Dat kunststof per se een goedkoop materiaal is, was een verkeerde gevolgtrekking, omdat er te veel te goedkoop materiaal werd geproduceerd.
“Kunststof”, aldus Eva Höfli, “is een materiaal dat geschikt is voor massaproductie. Afhankelijk van de vereisten is het behoorlijk lastig, tot men vorm en constructie zo samenbrengt, dat de statica klopt. Om de gewenste eigenschappen zoals haptiek, oppervlaktekwaliteit en kleur tot hun recht te laten komen, is de keuze van het juiste materiaal essentieel. Maar wanneer het eenmaal functioneert en het werktuig voor de productie aanwezig is, kan men van daaruit tegen lage, lopende kosten hoogwaardig produceren”. En hoe zorgvuldiger je bij de selectie van het materiaal, bij het opzetten van het productieproces en de verwerkingskwaliteit bent, des te hoogwaardiger het resultaat. Dat kunststof per se een goedkoop materiaal is, was een verkeerde gevolgtrekking, omdat er te veel goedkoop materiaal werd geproduceerd. En ook hier reageerden we allereerst irrationeel. Toen de afvalbergen te hoog werden, dat ze ons het uitzicht versperden, en dat er uit zeeën plastic zakjes in plaats van kwallen op het strand aanspoelden, gaven we het materiaal de schuld. Dat we jarenlang plastic zakjes her en der weggooiden, vergaten we maar even voor het gemak. Ondertussen zijn de reacties gedifferentieerder geworden, en wordt er nagedacht waar en hoe men minder kunststof kan gebruiken. Hoe je de plastic afvalberg zinvol kunt recycleren. En waarvoor kunststof als materiaal geschikt is. Wanneer je bedenkt dat een hoogwaardige stoel van kunststof minstens zo lang meegaat als een hoogwaardige houten stoel, misschien nog wel langer, en aansluitend voor 100 procent gerecycleerd kan worden, ontstaan er een heleboel voordelen.

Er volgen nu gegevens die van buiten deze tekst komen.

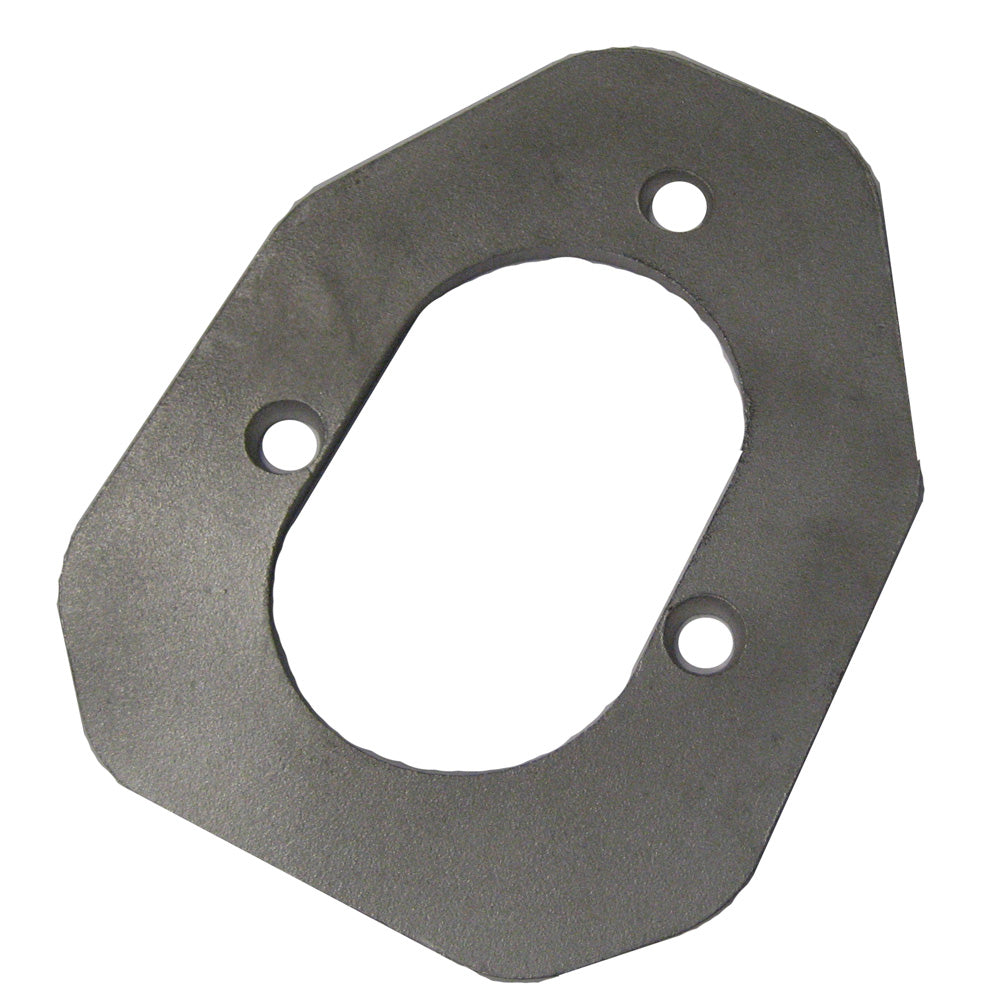 CE Smith Backing Plate f70 Series Rod Holders 53673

Auto's, tandenborstels, kunstheupen, thermische isolatiematerialen, tennisrackets, LCD-flatscreens, luchtdoorlatende regenkleding, schoenhakken, bierkratten ... Kunststof kan alles. En kunststof kan niets. En misschien is kunststof daarom het meest authentieke materiaal van allemaal. Want kunststof liegt niet. Kunststof reflecteert genadeloos hoeveel of hoe weinig energie, liefde en begrip we erin gestopt hebben. Niet het plastic zakje is dom, maar wij, die het massaal produceren, gebruiken en weggooien. Niet de stoel is intelligent, maar ons idee van een mooi, functioneel en duurzaam zitmeubel.